Die jungen Kicker der Vatikan-Auswahl rekrutieren sich überwiegend aus Schweizergardisten, Museumswächtern und anderen vatikanischen Angestellten. Da der Kirchenstaat aber weder Mitglied der FIFA noch der UEFA ist, nimmt die Mannschaft in den weiß-gelben Trikots nicht an Qualifikationsspielen zu Welt- und Europameisterschaften teil.

Doch obwohl das Team nur zu Freundschaftsspielen - und auch das nur selten - antritt, hatte es durchaus schon prominente Coaches: Giovanni Trapattoni, einst Bundesliga-Trainer von Bayern München und dem VfB Stuttgart, hatte die Vatikan-Auswahl von 2010 bis 2015 unter seinen Fittichen. "Trap", der bei der Fußball-WM 2002 für Aufsehen sorgte, als er das Spielfeld mit Weihwasser besprengte, hat seit Jahren gute Kontakte in den Vatikan.

Beim Spiel an diesem Samstag jedoch ist der Italiener nicht dabei, und es sind die Wittenberger, die mit Prominenz an der Seitenlinie aufwarten: Neben Röthel hat nämlich auch Eduard Geyer die Lutherstädter Hobbytruppe auf das große Duell vorbereitet. Der 72-Jährige war der letzte Fußball-Nationaltrainer der DDR. "Eduard ist quasi der Trapattoni des Ostens", scherzt Röthel. Wie bei Trapattoni besaßen auch Geyers Interviews und sein Agieren an der Spielfeldrand höchsten Unterhaltungswert.

"Flasche leer"

Beide sind Garanten für markige Sprüche und schonungslose Spielerbeschimpfung. Wo Trapattoni polterte, ein Spieler habe "gespielt wie Flasche leer", zeterte Geyer andernorts, er setze einen bestimmten Kicker nur noch ein "wenn 100 Mann Grippe haben". Der langjährige Coach von Energie Cottbus, der von seinem Fußballtraining sagt, dagegen sei die Bundeswehr Urlaub, übt bei der Wittenberger Benefiz-Elf jedoch Nachsicht.

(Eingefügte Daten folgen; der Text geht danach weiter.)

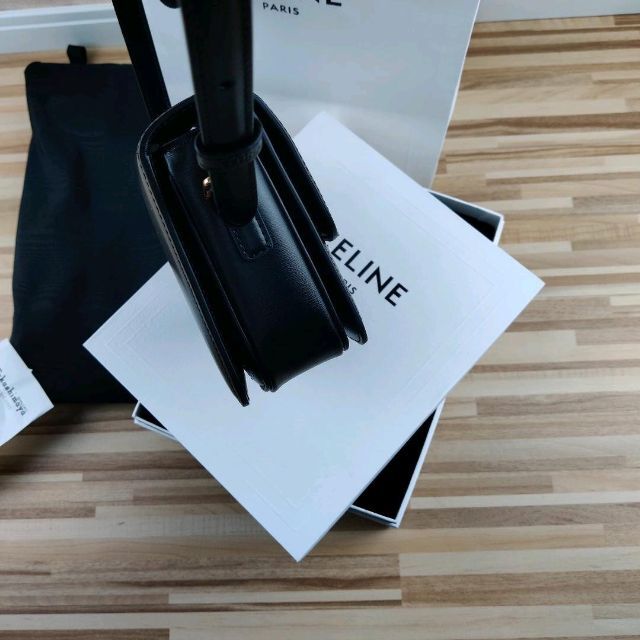 CELINE シャイニーカーフスキン ブラック Atai Goro - ショルダーバッグ - edmontonquotient.com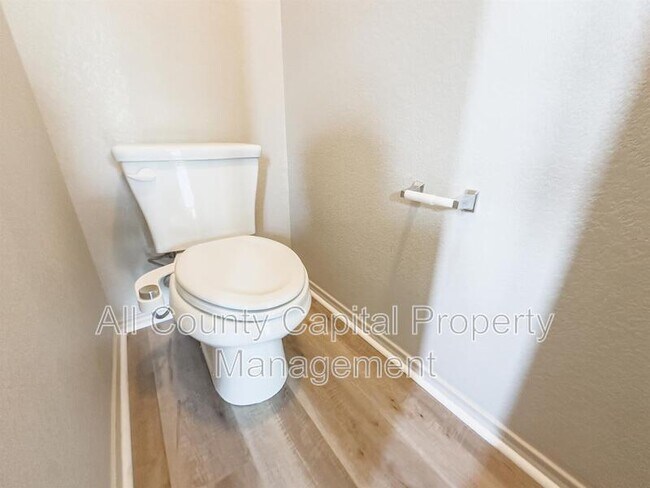 Building Photo - 2707 Burlington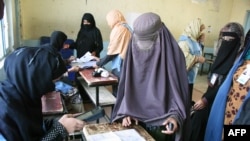 د ټاکنو د څار ادارې وايي، د افغانستان د تیرکال په پارلماني ټاکنو کې ډیرې درغلۍ شوې وې.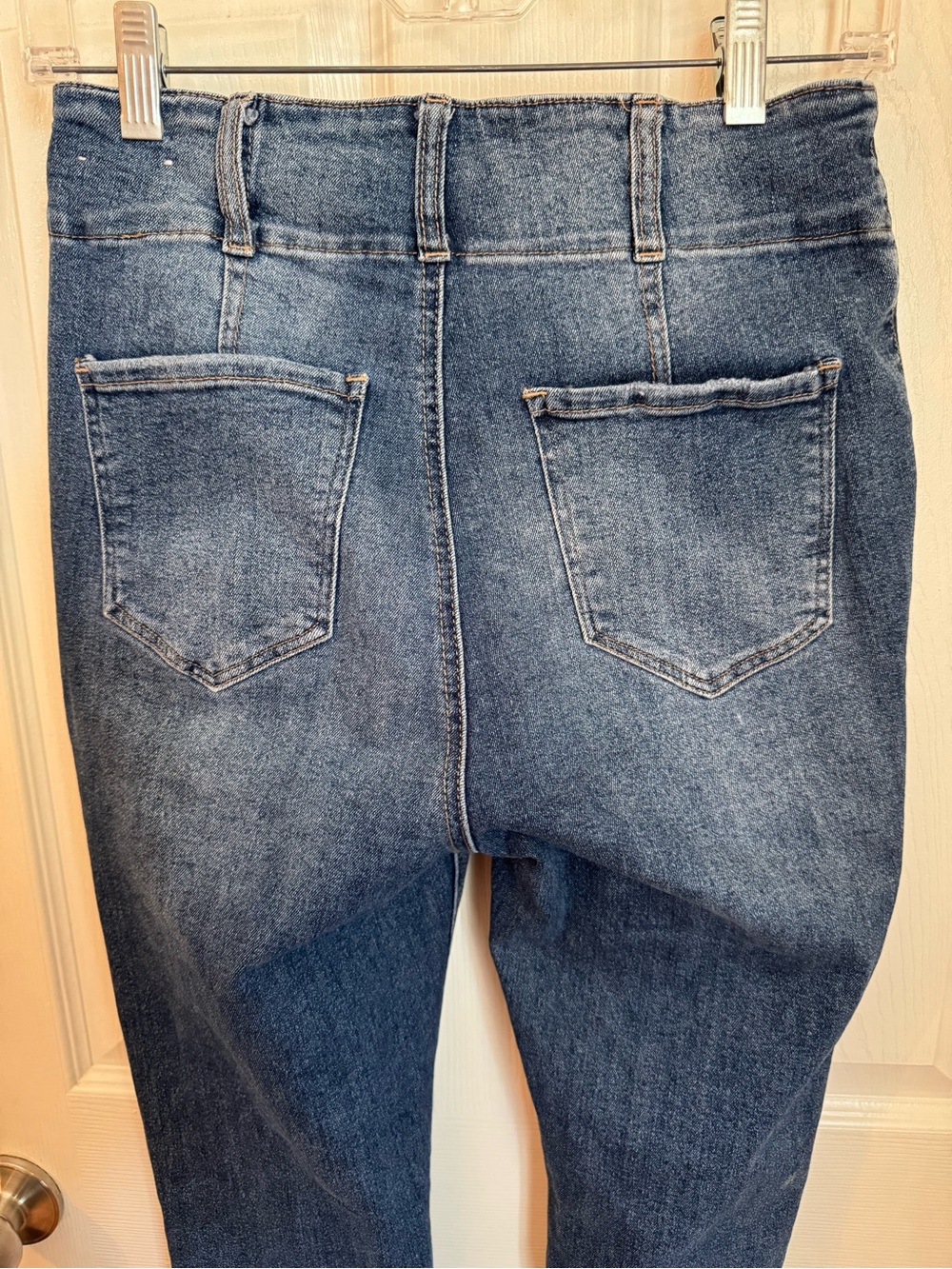 Gemma Rae Dark Wash Stretch Jeans
Slim Fit - Size 9/29 - Picture 7 of 14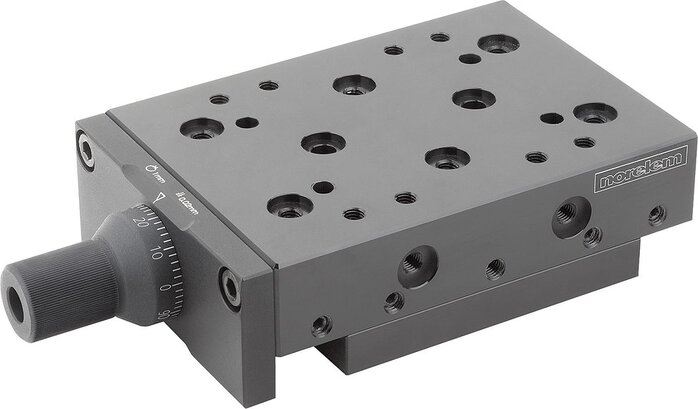 Schwalbenschwanz-Schlittenführungen mit Mikrometerspindel und Positionierbohrungen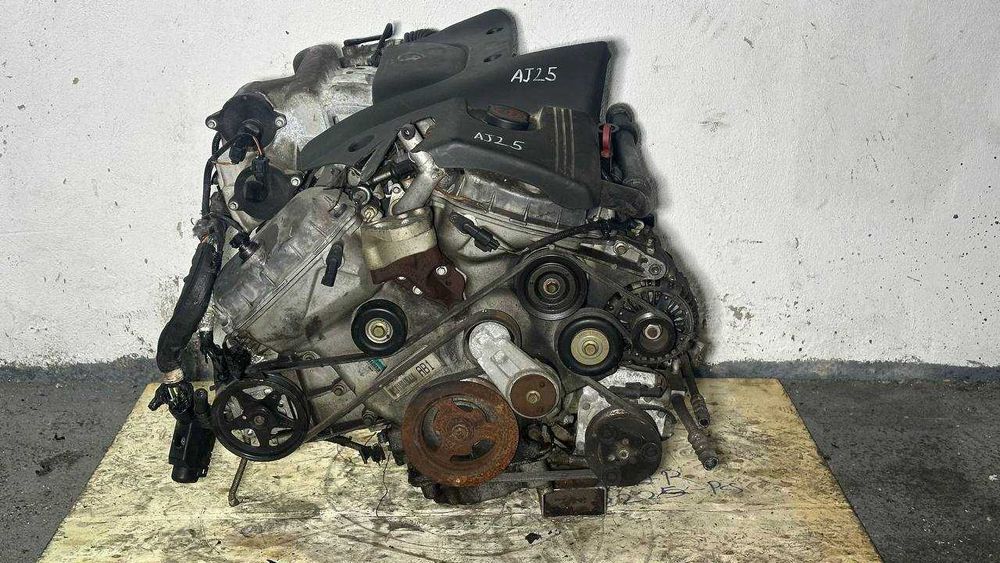 Двигатель AJ25 V6 2.5 Jaguar X-type 4wd Ягуар Х-тайп полный привод AJ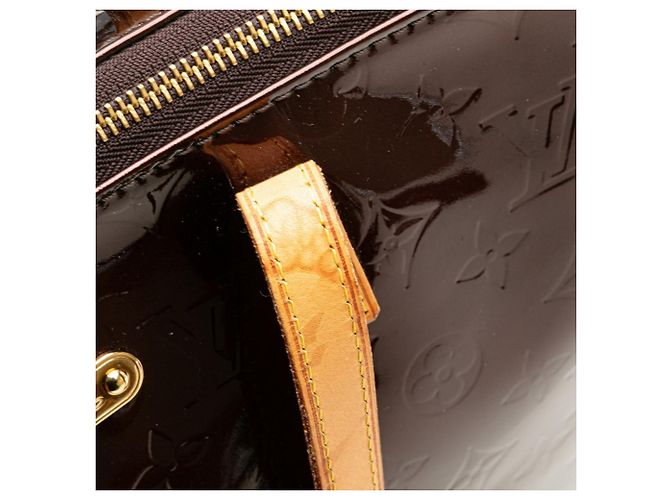 Borsa Louis Vuitton Monogram Vernis Bellevue GM Marrone Bordò - vista 7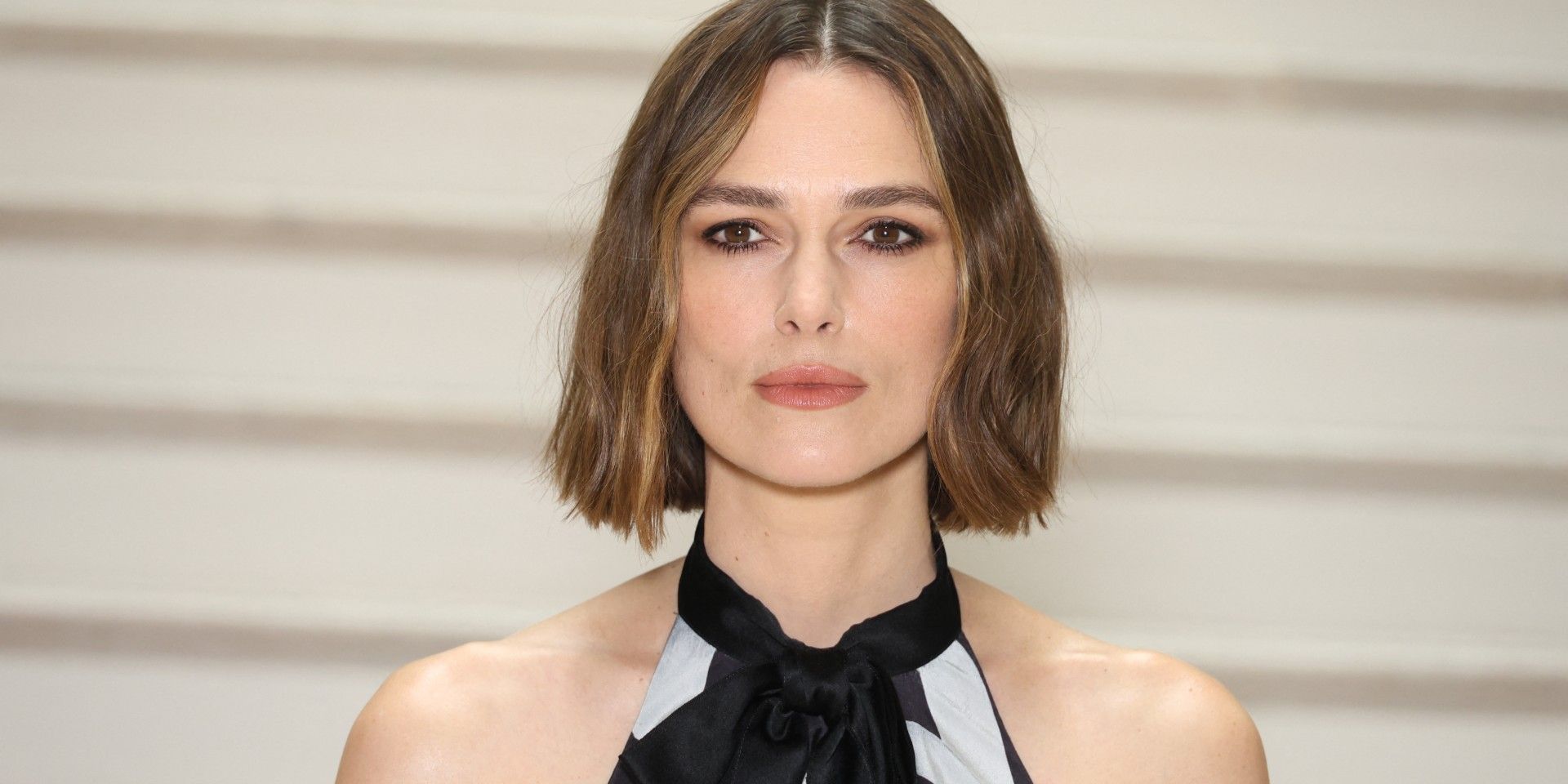 thriller di keira knightley su netflix data di uscita e nuove immagini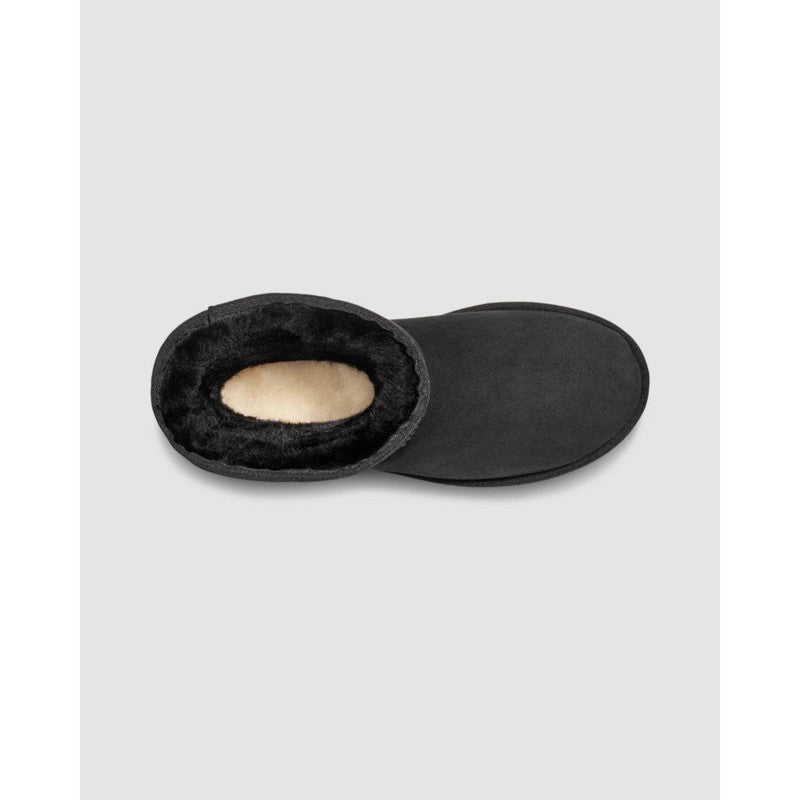 UGG Men's Classic Short Size 9 - Black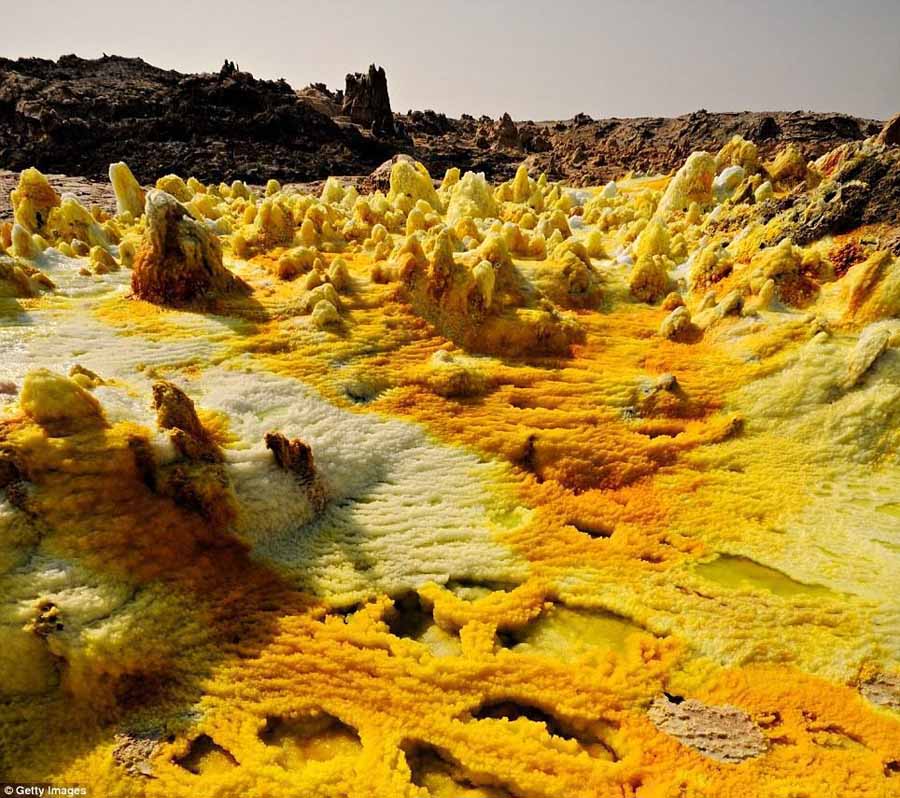 2، الوادي المتصدع الكبير، يقع في أثيوبيا ، يعتبر أكبر حزام تكسير في العالم ، والمعروفة باسم "أكبر الندوب على وجه الأرض". 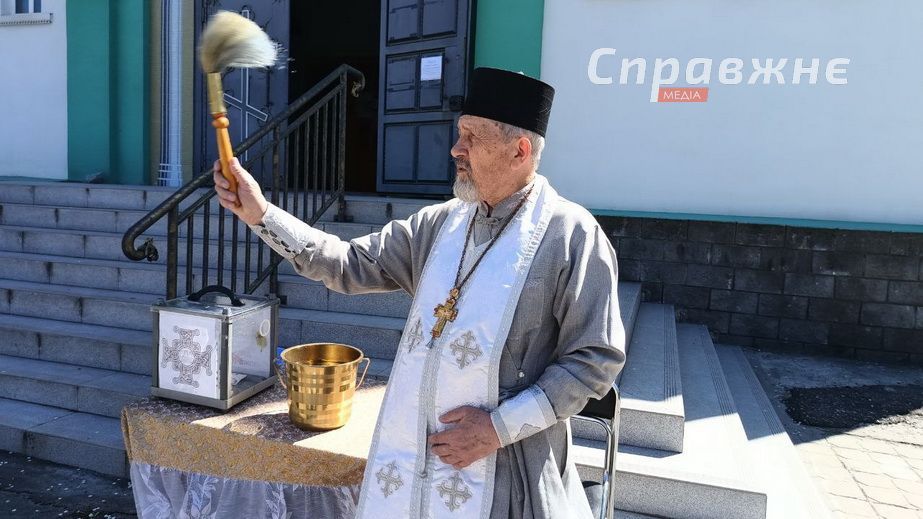Запорожские церкви в Пасху ждут прихожан офлайн и онлайн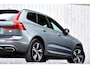 Volvo XC60 2.0 Recharge T8 AWD R-Design | Pilot Assist | Camera | Trekhaak | B&W |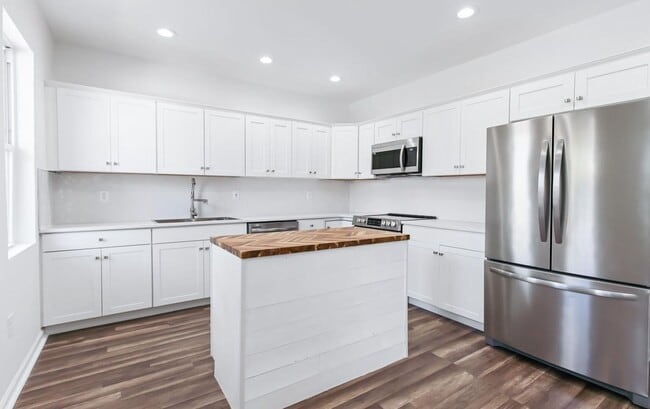 Building Photo - Beautiful 3 Bedroom, 2.5 Bath in Lancaster, Pa!!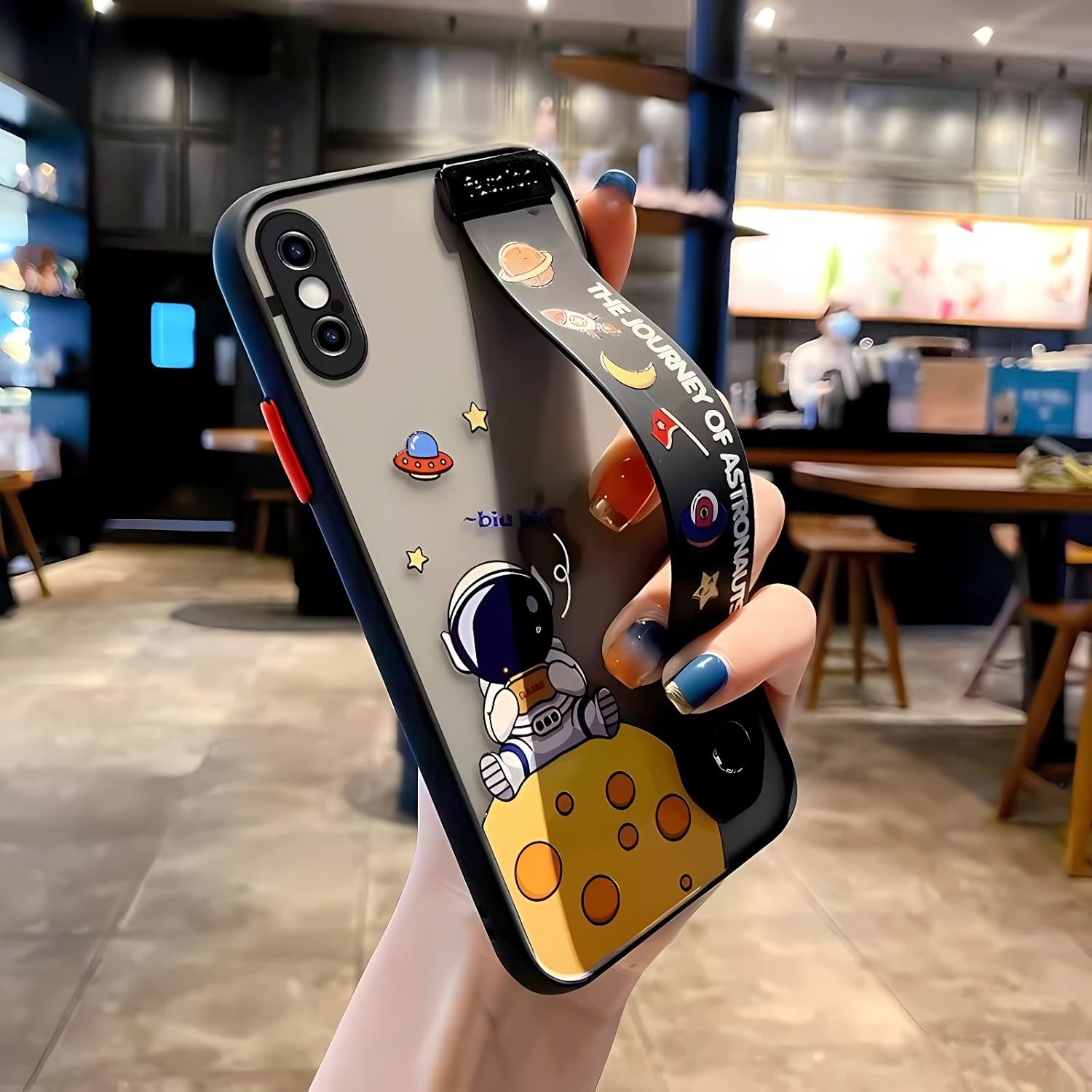 Funda con diseño espacial de astronauta para iPhone 13 Pro Max con soporte para correa de muñeca (viene con colgante), bonita funda de teléfono de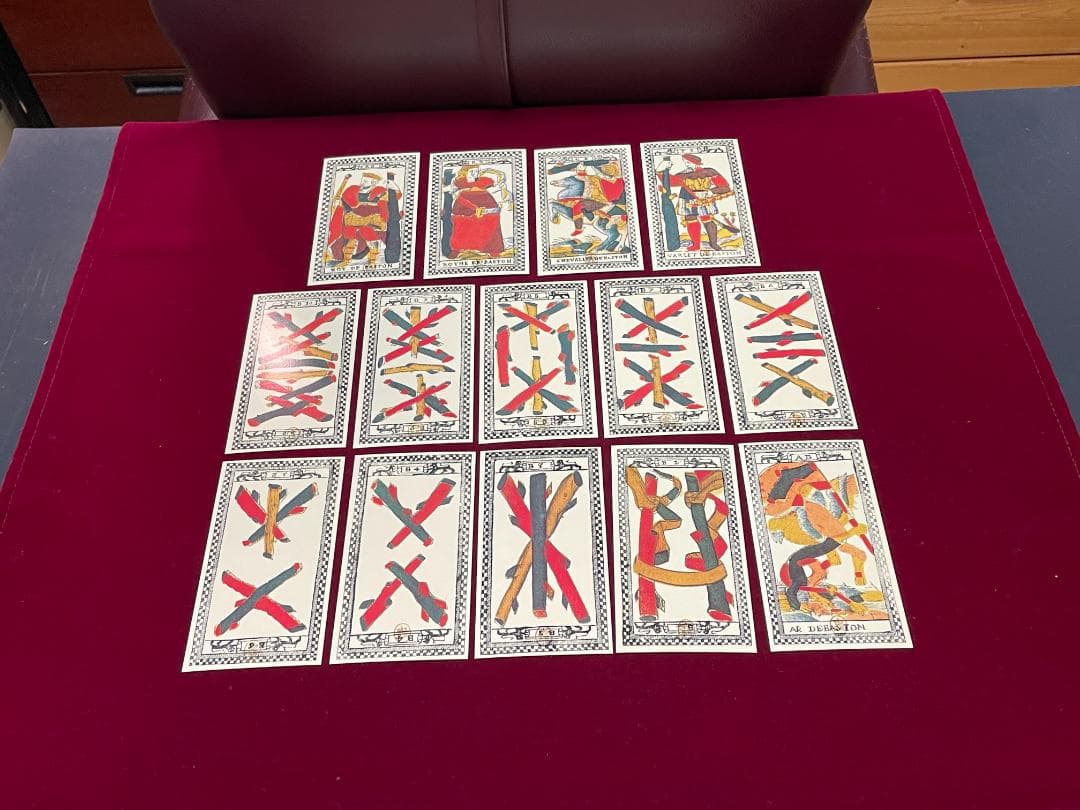 トランプ TAROT DE PARIS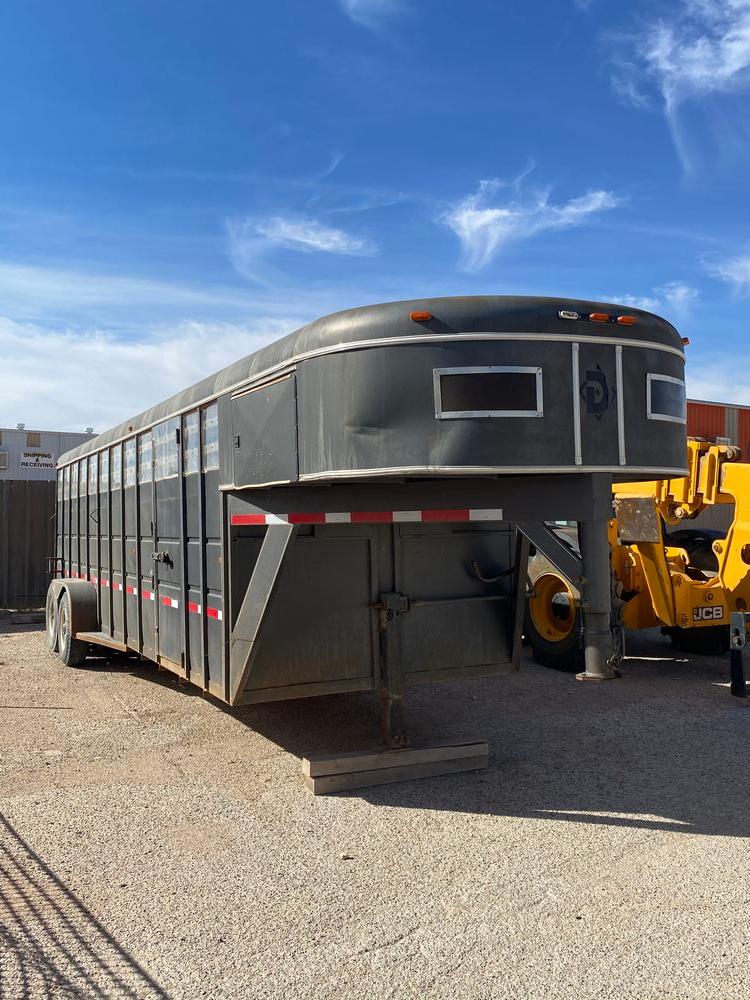 1989  Horse trailer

Schließlich spielen die Polizisten, Rechtsanwälte, Unternehmer und Zahnärzte in erster Linie für einen guten Zweck: So kommt die Hälfte der Einnahmen einem Hospiz sowie einem an Leukämie erkrankten Wittenberger Kind zugute. Aber natürlich, so betont Röthel, geht die Luther-Elf das Freundschaftsspiel "mit System" an. "Wir spielen 4-4-2", erklärt der Trainer, und Fußballkennern dürfte damit alles klar sein. Das Evangelische Gesangbuch führt übrigens unter der Nummer 442 das Lied "Steht auf, ihr lieben Kinderlein".

Heiden, Protestanten und Katholiken

Allerdings besteht die Wittenberger Mannschaft längst nicht nur aus "Evangelen", so Röthel: "Es sind Heiden, Protestanten und Katholiken dabei - wir leben die Ökumene ganz konkret und vorbildhaft." Vorbildlich wollen die Lutherstädter auch als Gastgeber sein, und weil Gastfreundschaft bei Luthers bekanntlich immer auch durch den Magen ging, laden sie die Vatikan-Mannschaft zum Auftakt am Freitagabend erst mal zu einem zünftigen Grillabend ein. Mit Luther-Bier? Nein, sagt Röthel lachend. "Es gibt Franziskaner alkoholfrei!"